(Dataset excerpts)
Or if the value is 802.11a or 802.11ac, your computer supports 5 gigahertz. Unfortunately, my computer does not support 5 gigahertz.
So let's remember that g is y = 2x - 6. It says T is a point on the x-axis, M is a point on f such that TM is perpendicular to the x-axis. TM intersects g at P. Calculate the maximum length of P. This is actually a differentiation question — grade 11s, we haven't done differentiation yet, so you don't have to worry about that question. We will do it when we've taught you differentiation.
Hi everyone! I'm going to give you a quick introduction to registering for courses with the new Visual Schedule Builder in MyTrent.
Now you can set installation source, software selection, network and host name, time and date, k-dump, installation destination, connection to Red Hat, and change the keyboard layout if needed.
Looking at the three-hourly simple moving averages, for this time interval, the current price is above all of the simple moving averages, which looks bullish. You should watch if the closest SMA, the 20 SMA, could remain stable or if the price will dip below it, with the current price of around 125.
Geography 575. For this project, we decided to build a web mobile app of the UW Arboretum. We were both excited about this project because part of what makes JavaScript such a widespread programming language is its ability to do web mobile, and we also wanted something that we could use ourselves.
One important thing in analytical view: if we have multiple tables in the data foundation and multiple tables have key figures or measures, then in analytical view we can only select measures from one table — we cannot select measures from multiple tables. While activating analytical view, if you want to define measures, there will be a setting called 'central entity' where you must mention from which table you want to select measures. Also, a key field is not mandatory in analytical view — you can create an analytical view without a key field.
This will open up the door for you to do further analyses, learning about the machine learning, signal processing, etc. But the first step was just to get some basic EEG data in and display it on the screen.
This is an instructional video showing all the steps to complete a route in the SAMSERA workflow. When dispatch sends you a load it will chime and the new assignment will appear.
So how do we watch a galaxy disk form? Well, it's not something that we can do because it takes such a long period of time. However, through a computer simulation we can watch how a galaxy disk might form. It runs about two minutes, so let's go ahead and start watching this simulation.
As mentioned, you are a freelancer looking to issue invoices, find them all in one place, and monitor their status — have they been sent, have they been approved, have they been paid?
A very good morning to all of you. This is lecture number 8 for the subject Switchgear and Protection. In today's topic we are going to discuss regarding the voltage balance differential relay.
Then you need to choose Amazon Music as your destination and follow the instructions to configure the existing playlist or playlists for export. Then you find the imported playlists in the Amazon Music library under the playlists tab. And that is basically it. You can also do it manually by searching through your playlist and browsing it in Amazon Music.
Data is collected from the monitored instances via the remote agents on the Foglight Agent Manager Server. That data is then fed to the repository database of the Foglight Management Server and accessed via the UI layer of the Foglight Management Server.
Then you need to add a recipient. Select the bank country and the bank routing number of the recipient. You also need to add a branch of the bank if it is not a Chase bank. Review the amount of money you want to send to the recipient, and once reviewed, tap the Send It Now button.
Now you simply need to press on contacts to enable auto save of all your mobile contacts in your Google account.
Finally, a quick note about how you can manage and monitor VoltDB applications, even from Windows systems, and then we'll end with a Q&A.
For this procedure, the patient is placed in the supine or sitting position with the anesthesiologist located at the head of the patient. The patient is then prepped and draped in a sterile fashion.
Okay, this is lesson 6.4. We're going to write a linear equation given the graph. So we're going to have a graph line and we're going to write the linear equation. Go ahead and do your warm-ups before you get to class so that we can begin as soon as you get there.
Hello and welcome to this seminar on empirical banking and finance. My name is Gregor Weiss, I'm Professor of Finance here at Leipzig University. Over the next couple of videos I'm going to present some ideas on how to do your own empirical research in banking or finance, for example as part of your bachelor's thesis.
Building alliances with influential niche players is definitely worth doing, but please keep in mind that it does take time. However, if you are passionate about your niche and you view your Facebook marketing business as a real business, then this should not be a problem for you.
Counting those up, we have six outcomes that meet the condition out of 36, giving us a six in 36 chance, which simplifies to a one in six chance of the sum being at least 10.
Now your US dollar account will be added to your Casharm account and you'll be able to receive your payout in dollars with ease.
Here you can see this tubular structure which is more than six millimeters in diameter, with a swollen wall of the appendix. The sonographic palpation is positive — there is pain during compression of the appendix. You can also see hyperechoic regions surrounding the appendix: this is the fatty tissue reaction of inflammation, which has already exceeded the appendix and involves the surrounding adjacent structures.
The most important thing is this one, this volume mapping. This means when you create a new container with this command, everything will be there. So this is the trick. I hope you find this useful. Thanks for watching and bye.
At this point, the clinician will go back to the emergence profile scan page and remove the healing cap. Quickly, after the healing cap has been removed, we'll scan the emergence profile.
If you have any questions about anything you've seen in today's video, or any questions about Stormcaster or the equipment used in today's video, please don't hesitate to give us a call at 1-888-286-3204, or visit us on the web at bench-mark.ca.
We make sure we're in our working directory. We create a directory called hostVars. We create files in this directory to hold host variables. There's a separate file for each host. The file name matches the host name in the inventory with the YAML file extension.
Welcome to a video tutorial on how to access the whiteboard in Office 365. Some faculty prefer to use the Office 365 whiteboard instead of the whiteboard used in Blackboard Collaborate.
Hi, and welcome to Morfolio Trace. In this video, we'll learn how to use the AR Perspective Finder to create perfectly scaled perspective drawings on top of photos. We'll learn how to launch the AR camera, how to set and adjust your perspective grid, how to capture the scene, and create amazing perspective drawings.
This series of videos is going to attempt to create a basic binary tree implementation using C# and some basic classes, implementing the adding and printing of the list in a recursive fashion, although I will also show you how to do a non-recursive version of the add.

AIM OF THE TASK: Reproduce exactly the lines above from the line with "So how do we" to the line with "A very good", including both, and add nothing.

EXERCISE RESPONSE:
So how do we watch a galaxy disk form? Well, it's not something that we can do because it takes such a long period of time. However, through a computer simulation we can watch how a galaxy disk might form. It runs about two minutes, so let's go ahead and start watching this simulation.
As mentioned, you are a freelancer looking to issue invoices, find them all in one place, and monitor their status — have they been sent, have they been approved, have they been paid?
A very good morning to all of you. This is lecture number 8 for the subject Switchgear and Protection. In today's topic we are going to discuss regarding the voltage balance differential relay.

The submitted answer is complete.